Exercise prompt:
Exact copy, pictures excluded: print the lines from the one with "But I Love You Chapter 14 - Page 73" through the final line of the records.

Task input:
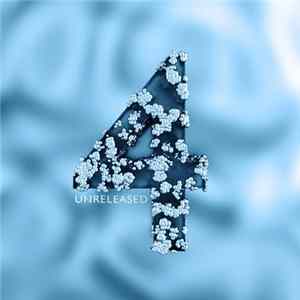 Craspore - Unreleased 4 flac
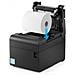 Srp-e300 Receipt Usb Dt Serial Lan 180dpi 220mm / Sec Auto Cutt In - Foto miniatura 4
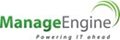 Zoho ManageEngine ServiceDesk Plus Enterprise Editions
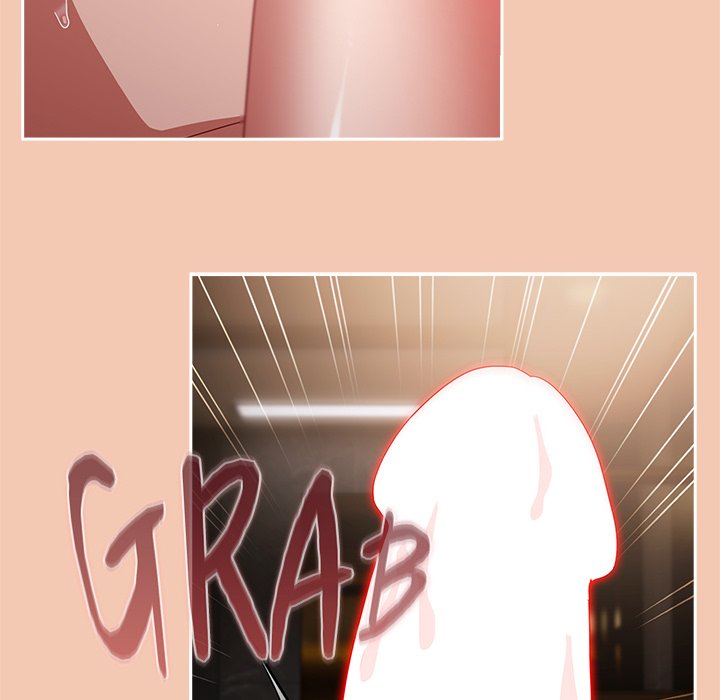 But I Love You Chapter 14 - Page 73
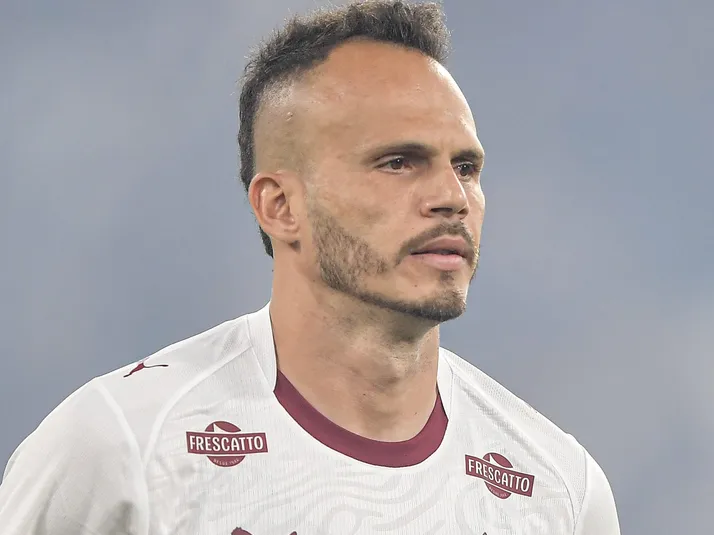 Renê explica derrota do Fluminense no clássico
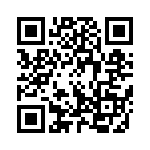 3100-15U1999 QRCode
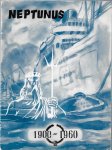 Diverse - Neptunus 1900-1960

Answer section:
 But I Love You Chapter 14 - Page 73
 Renê explica derrota do Fluminense no clássico
 3100-15U1999 QRCode
 Diverse - Neptunus 1900-1960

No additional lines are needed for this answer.